# Work to be completed
Copy the complete listing that follows, letter for letter.

[Opening Data records section]

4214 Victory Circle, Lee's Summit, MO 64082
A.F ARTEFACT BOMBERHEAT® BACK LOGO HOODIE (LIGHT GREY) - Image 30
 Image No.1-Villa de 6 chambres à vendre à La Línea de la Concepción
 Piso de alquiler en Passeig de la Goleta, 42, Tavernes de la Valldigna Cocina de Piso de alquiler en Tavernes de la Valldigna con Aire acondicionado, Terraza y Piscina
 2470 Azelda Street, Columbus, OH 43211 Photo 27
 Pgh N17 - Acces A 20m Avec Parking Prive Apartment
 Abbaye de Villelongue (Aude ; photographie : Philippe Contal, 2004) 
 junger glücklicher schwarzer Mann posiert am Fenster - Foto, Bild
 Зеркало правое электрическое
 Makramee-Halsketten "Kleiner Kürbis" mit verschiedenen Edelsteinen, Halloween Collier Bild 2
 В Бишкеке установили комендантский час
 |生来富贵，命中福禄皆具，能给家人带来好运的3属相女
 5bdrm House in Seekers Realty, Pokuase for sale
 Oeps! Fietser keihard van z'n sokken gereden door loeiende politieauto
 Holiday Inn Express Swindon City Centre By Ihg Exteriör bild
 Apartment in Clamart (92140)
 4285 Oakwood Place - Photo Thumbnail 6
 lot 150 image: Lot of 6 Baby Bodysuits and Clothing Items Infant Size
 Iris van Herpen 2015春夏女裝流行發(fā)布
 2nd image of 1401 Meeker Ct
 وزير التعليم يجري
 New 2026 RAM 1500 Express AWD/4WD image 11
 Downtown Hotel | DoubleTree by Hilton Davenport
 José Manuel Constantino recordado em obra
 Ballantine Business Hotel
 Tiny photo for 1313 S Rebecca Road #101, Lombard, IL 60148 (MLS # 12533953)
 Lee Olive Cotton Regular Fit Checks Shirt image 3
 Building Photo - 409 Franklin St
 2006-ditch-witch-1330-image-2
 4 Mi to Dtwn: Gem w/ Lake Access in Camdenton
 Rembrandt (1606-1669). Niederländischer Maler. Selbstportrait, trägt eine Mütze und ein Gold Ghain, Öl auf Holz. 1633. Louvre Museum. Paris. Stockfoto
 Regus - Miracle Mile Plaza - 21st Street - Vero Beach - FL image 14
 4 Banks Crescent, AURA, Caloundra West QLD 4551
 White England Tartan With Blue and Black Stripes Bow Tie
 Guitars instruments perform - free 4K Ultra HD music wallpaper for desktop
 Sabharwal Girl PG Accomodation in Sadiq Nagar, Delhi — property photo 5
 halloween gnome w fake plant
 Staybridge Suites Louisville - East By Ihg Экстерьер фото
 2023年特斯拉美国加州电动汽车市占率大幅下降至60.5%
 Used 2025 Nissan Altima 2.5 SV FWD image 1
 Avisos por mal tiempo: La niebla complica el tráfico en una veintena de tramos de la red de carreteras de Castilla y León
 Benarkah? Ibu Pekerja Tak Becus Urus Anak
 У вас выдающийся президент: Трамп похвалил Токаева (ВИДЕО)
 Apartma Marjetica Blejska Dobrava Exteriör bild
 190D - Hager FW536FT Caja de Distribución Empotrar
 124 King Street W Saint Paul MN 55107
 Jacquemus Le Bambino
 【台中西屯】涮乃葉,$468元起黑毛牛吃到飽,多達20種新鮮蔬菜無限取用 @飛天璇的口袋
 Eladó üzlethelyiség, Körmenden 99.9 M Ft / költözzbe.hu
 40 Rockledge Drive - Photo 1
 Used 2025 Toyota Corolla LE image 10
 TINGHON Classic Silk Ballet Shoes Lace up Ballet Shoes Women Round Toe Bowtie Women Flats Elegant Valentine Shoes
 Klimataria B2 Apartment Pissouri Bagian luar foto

[Closing Data records section]

# Task response
4214 Victory Circle, Lee's Summit, MO 64082
A.F ARTEFACT BOMBERHEAT® BACK LOGO HOODIE (LIGHT GREY) - Image 30
 Image No.1-Villa de 6 chambres à vendre à La Línea de la Concepción
 Piso de alquiler en Passeig de la Goleta, 42, Tavernes de la Valldigna Cocina de Piso de alquiler en Tavernes de la Valldigna con Aire acondicionado, Terraza y Piscina
 2470 Azelda Street, Columbus, OH 43211 Photo 27
 Pgh N17 - Acces A 20m Avec Parking Prive Apartment
 Abbaye de Villelongue (Aude ; photographie : Philippe Contal, 2004) 
 junger glücklicher schwarzer Mann posiert am Fenster - Foto, Bild
 Зеркало правое электрическое
 Makramee-Halsketten "Kleiner Kürbis" mit verschiedenen Edelsteinen, Halloween Collier Bild 2
 В Бишкеке установили комендантский час
 |生来富贵，命中福禄皆具，能给家人带来好运的3属相女
 5bdrm House in Seekers Realty, Pokuase for sale
 Oeps! Fietser keihard van z'n sokken gereden door loeiende politieauto
 Holiday Inn Express Swindon City Centre By Ihg Exteriör bild
 Apartment in Clamart (92140)
 4285 Oakwood Place - Photo Thumbnail 6
 lot 150 image: Lot of 6 Baby Bodysuits and Clothing Items Infant Size
 Iris van Herpen 2015春夏女裝流行發(fā)布
 2nd image of 1401 Meeker Ct
 وزير التعليم يجري
 New 2026 RAM 1500 Express AWD/4WD image 11
 Downtown Hotel | DoubleTree by Hilton Davenport
 José Manuel Constantino recordado em obra
 Ballantine Business Hotel
 Tiny photo for 1313 S Rebecca Road #101, Lombard, IL 60148 (MLS # 12533953)
 Lee Olive Cotton Regular Fit Checks Shirt image 3
 Building Photo - 409 Franklin St
 2006-ditch-witch-1330-image-2
 4 Mi to Dtwn: Gem w/ Lake Access in Camdenton
 Rembrandt (1606-1669). Niederländischer Maler. Selbstportrait, trägt eine Mütze und ein Gold Ghain, Öl auf Holz. 1633. Louvre Museum. Paris. Stockfoto
 Regus - Miracle Mile Plaza - 21st Street - Vero Beach - FL image 14
 4 Banks Crescent, AURA, Caloundra West QLD 4551
 White England Tartan With Blue and Black Stripes Bow Tie
 Guitars instruments perform - free 4K Ultra HD music wallpaper for desktop
 Sabharwal Girl PG Accomodation in Sadiq Nagar, Delhi — property photo 5
 halloween gnome w fake plant
 Staybridge Suites Louisville - East By Ihg Экстерьер фото
 2023年特斯拉美国加州电动汽车市占率大幅下降至60.5%
 Used 2025 Nissan Altima 2.5 SV FWD image 1
 Avisos por mal tiempo: La niebla complica el tráfico en una veintena de tramos de la red de carreteras de Castilla y León
 Benarkah? Ibu Pekerja Tak Becus Urus Anak
 У вас выдающийся президент: Трамп похвалил Токаева (ВИДЕО)
 Apartma Marjetica Blejska Dobrava Exteriör bild
 190D - Hager FW536FT Caja de Distribución Empotrar
 124 King Street W Saint Paul MN 55107
 Jacquemus Le Bambino
 【台中西屯】涮乃葉,$468元起黑毛牛吃到飽,多達20種新鮮蔬菜無限取用 @飛天璇的口袋
 Eladó üzlethelyiség, Körmenden 99.9 M Ft / költözzbe.hu
 40 Rockledge Drive - Photo 1
 Used 2025 Toyota Corolla LE image 10
 TINGHON Classic Silk Ballet Shoes Lace up Ballet Shoes Women Round Toe Bowtie Women Flats Elegant Valentine Shoes
 Klimataria B2 Apartment Pissouri Bagian luar foto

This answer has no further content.